» WORK REQUEST
Using the material below, return exactly the lines between the one holding "[마케팅] 미소주의 실패 분석-4" and the one holding "学习情境设计二电动机正转控制", inclusive, and no others.
*** Opening INPUT DATA ***
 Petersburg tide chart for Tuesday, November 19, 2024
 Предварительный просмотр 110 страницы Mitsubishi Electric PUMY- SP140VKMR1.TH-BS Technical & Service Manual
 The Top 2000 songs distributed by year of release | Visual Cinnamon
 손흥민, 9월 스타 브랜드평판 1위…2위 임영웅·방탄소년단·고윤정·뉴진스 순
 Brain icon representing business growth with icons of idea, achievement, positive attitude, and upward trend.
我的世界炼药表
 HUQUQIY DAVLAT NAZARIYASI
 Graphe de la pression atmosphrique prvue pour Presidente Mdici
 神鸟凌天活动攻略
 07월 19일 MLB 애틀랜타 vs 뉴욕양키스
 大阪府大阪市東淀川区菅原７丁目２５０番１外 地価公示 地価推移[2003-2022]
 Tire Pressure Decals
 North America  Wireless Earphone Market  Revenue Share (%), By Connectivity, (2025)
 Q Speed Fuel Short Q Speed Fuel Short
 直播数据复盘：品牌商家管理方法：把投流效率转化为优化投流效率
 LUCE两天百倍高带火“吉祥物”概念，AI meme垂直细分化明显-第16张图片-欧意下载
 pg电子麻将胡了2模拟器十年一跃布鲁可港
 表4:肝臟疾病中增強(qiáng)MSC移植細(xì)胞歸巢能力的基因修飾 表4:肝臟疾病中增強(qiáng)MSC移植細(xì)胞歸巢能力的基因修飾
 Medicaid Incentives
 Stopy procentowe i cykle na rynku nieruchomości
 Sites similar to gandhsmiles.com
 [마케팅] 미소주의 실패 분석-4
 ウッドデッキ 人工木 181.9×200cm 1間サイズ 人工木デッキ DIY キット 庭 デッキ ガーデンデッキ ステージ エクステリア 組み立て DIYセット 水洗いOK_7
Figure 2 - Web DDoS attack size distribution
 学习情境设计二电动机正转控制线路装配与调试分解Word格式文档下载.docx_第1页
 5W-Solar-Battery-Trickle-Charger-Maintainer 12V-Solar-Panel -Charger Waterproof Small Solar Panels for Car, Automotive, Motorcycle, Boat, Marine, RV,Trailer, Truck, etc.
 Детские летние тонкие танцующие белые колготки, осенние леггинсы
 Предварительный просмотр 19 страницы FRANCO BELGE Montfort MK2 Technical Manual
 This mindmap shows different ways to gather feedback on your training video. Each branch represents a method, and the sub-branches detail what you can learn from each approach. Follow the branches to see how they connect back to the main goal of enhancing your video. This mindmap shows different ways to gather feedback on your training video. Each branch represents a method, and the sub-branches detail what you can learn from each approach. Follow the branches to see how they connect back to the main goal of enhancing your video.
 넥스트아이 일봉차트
*** Closing INPUT DATA ***
» ANSWER TO THE PROBLEM
 [마케팅] 미소주의 실패 분석-4
 ウッドデッキ 人工木 181.9×200cm 1間サイズ 人工木デッキ DIY キット 庭 デッキ ガーデンデッキ ステージ エクステリア 組み立て DIYセット 水洗いOK_7
Figure 2 - Web DDoS attack size distribution
 学习情境设计二电动机正转控制线路装配与调试分解Word格式文档下载.docx_第1页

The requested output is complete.